Some of them, like the _New-York World_, emphatically declared that the
Democracy could not ratify a choice which would involve a
stultification so humiliating and so complete. A few shrewder
journals, of which the _Cincinnati Enquirer_ and the _Saint-Louis
Republican_ were the most conspicuous, took the opposite course and
from the beginning advocated the indorsement of Mr. Greeley.
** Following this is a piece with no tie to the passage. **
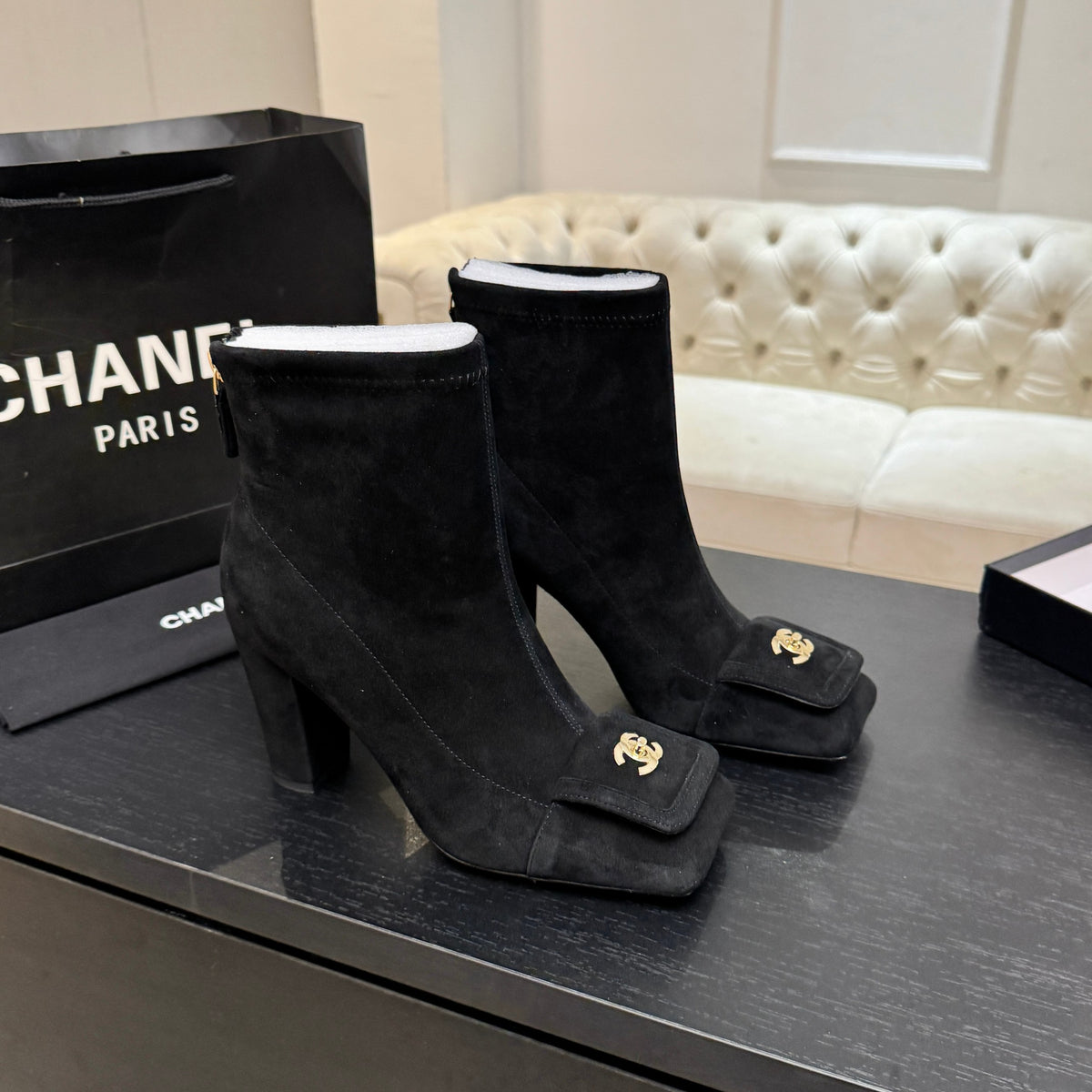 Chanel Black Ankle Boots with Gold-Tone Logo Detail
In the South the nomination was received with more favor. Mr.
Greeley's readiness to go on the bail-bond of Jefferson Davis, his
earnest championship of universal amnesty, and his expressed sympathy
with the grievances of the old ruling element of the slave States, had
created a kindly impression in that section. The prompt utterances of
the Southern journals indicated that no obstacle would be encountered
in the Democratic ranks below the Potomac. At the North, as the
discussion proceeded, it became more and more evident that however
reluctant the party might be, it really had to alternative but to
accept Mr. Greeley. It had committed itself so fully to the Liberal
movement that it could not now abandon it without certain disaster.
Its only possible hope of defeating the Republican party lay in the
Republican revolt, and the revolt could be fomented and prolonged only
by imparting to it prestige and power. The Liberal leaders and
journals did not hesitate to say that if it came to a choice between
Grant and a Democrat, they would support Grant. With this avowal they
were masters of the situation so far as the Democracy was concerned,
and the Democratic sentiment, which at first shrank from Greeley,
soon became resigned to his candidacy.

While the work of reconciling the free-traders to the nomination of a
Protectionist, and of inducing the Democracy to accept an anti-slavery
leader, was in full progress, the Republican National Convention met
at Philadelphia on the 5th of June. The venerable Gerritt Smith led
the delegation from New York, with William Orton, Horace B. Claflin,
Stewart L. Woodford, William E. Dodge, and John A. Griswold among his
associates. Governor Hayes came from Ohio; General Burnside from Rhode
Island; Governor Hawley from Connecticut; Governor Claflin and
Alexander H. Rice from Massachusetts; Henry S. Lane and Governor Conrad
Baker from Indiana; Governor Cullom from Illinois; James Speed from
Kentucky; Amos T. Akerman from Georgia; John B. Henderson from
Missouri; William A. Howard from Michigan; Ex-Senator Cattell and
Cortlandt Parker from New Jersey; Governor Fairchild from Wisconsin;
John R. Lynch, the colored orator, from Mississippi; Morton McMichael,
Glenni W. Scofield, and William H. Koontz from Pennsylvania; Thomas
Settle from North Carolina; James L. Orr from South Carolina.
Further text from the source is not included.